- **EXERCISE OBJECTIVE**: Every line from the one containing "Canady Court in" to the one containing "Toyota Camry (XV70)" in the records below, both included, must be set down exactly, and no other line.

◆ ◆ ◆ ◆ ◆ ◆ ◆

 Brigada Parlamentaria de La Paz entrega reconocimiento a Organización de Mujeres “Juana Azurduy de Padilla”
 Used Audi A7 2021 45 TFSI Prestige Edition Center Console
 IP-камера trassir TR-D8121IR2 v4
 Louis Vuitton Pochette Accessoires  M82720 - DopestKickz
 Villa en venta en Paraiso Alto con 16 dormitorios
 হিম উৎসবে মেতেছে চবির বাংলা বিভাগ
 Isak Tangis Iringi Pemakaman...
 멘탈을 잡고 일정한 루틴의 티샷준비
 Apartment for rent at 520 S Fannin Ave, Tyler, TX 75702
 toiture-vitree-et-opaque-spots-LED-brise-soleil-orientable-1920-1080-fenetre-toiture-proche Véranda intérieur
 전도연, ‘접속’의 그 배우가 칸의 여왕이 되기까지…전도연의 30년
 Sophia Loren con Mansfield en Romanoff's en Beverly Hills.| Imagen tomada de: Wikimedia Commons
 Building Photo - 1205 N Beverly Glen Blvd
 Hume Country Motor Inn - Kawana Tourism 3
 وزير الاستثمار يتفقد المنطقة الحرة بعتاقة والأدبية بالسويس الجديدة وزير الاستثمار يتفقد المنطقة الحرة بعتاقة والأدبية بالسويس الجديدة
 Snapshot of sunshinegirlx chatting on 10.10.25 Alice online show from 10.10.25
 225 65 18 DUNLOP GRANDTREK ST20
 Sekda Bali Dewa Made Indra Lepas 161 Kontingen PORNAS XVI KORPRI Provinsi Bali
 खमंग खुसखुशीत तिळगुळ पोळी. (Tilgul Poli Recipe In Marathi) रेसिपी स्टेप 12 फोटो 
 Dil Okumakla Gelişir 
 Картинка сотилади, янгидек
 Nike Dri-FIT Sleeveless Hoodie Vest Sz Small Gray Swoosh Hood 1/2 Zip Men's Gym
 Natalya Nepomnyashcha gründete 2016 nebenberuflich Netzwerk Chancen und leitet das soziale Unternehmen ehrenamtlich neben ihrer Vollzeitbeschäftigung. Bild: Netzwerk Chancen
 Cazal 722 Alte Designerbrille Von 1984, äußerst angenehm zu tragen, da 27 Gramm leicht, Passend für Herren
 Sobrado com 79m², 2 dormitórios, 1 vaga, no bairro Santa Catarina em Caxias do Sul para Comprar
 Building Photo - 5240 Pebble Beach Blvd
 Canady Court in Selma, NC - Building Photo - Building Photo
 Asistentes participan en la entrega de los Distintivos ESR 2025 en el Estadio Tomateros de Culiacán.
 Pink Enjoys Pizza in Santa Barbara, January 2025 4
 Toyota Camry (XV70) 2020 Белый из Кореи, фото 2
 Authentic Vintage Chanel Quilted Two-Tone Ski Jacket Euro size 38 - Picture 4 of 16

◆ ◆ ◆ ◆ ◆ ◆ ◆

- **WRITTEN ANSWER**:
 Canady Court in Selma, NC - Building Photo - Building Photo
 Asistentes participan en la entrega de los Distintivos ESR 2025 en el Estadio Tomateros de Culiacán.
 Pink Enjoys Pizza in Santa Barbara, January 2025 4
 Toyota Camry (XV70) 2020 Белый из Кореи, фото 2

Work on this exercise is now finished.